Brasil ativou modo copeiro, variou estratégia diante da Croácia e se mostrou competitivo para Copa
Seleção faz Livakovic trabalhar com volume no campo ofensivo, mas conquista a vitória com transições rápidas em velocidade e deixa a Data Fifa com repertório para ser forte no Mundial
Por Cahê Mota — Orlando, EUA
Esse é o diagnóstico da Seleção de Carlo Ancelotti após a última Data Fifa antes da convocação final para a Copa do Mundo. O que se viu em campo diante de França e Croácia foi um time mais preocupado em ser competitivo do que em dar espetáculo e, acima de tudo, consciente das estratégias necessárias para enfrentar equipes das primeiras prateleiras do futebol mundial.
É bom deixar claro desde já que o Brasil de Carleto em muitos momentos abdicará do DNA que o torcedor se acostumou a ver.
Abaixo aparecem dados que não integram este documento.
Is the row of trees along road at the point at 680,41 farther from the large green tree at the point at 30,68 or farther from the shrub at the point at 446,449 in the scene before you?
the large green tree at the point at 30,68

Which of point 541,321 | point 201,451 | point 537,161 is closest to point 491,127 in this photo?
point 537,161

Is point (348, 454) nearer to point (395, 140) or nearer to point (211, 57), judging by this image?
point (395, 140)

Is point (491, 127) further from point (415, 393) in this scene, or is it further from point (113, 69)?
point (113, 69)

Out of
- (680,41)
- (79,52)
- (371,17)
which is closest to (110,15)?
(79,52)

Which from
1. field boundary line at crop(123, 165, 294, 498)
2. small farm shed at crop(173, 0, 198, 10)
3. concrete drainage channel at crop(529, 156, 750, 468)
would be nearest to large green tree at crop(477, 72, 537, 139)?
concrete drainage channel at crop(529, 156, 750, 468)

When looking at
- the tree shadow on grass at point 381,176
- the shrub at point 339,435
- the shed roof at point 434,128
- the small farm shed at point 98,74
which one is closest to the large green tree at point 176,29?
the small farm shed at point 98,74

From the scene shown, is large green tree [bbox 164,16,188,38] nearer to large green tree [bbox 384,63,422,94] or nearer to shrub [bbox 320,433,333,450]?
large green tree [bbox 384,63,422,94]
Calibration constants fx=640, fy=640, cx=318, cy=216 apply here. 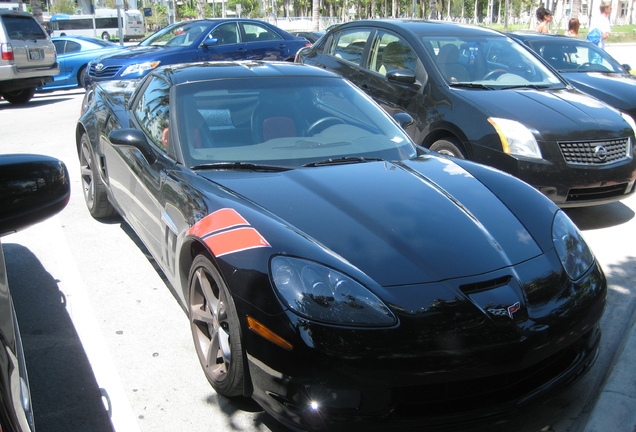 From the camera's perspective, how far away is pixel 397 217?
3051 millimetres

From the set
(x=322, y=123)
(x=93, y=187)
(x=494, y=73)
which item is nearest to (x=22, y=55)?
(x=93, y=187)

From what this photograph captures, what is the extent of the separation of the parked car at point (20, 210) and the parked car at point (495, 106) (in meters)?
4.01

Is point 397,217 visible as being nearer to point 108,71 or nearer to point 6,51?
point 108,71

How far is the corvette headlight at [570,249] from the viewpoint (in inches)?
116

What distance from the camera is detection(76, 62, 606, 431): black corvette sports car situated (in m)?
2.42

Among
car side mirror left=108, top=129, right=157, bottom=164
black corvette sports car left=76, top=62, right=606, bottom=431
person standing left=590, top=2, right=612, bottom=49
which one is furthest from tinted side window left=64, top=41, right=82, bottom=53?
car side mirror left=108, top=129, right=157, bottom=164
E não é novidade, na última passagem do italiano pelo Real já foi assim. Entender que não tem o melhor time em mãos é o ponto de partida para uma Seleção que soube ser humilde diante de franceses e croatas para ditar o rumo das partidas e usar o que a geração atual tem de melhor: a transição rápida na velocidade de seus atacantes.
Se diante da França o Brasil em muitos momentos abriu mão da bola para defender em bloco baixo e apostar nos lançamentos longos às costas da defesa, contra a Croácia o time teve paciência para fazer a bola circular quando teve mais posse, mas foi quando teve campo para jogar que foi mais perigoso. O gol de Danilo na reta final do primeiro tempo fez justiça para uma Seleção que apresentou maior compactação e equilíbrio no reencontro com os algozes da última Copa.
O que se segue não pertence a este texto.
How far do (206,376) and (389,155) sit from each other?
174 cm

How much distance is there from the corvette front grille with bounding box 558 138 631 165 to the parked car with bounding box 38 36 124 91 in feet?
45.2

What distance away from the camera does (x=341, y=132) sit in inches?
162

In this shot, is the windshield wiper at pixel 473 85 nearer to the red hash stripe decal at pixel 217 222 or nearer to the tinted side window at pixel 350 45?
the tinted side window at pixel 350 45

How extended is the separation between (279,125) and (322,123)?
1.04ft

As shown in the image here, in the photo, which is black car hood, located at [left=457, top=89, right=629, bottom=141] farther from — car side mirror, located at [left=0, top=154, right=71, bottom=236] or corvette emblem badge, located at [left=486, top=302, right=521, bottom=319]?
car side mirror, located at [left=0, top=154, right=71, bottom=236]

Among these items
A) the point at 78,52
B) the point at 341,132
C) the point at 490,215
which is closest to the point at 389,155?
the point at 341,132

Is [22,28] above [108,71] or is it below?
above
Os espaços do jogo contra a França, principalmente na entrada da área, deram lugar a um time mais compacto e com jogo associativo marcante no campo de ataque. Danilo Santos deu mais do que dinâmica ao meio de campo. Com intensidade para atacar e defender, ajudou Matheus Cunha na ocupação de espaços e colocou o jogador do Manchester United no jogo com aproximação.
O Brasil soube ter paciência para circular a bola quando se posicionou no campo ofensivo e viu a dupla de meio-campistas organizar as melhores chances de ataque. Não por acaso, Cunha e Danilo protagonizaram jogadas de três milagres de Livakovic no primeiro tempo: um em finalização do jogador do Botafogo, outra com João Pedro cara a cara após de Cunha, que finalizou no cantinho da entrada da área em seguida para obrigar o goleiro croata a se esticar todo.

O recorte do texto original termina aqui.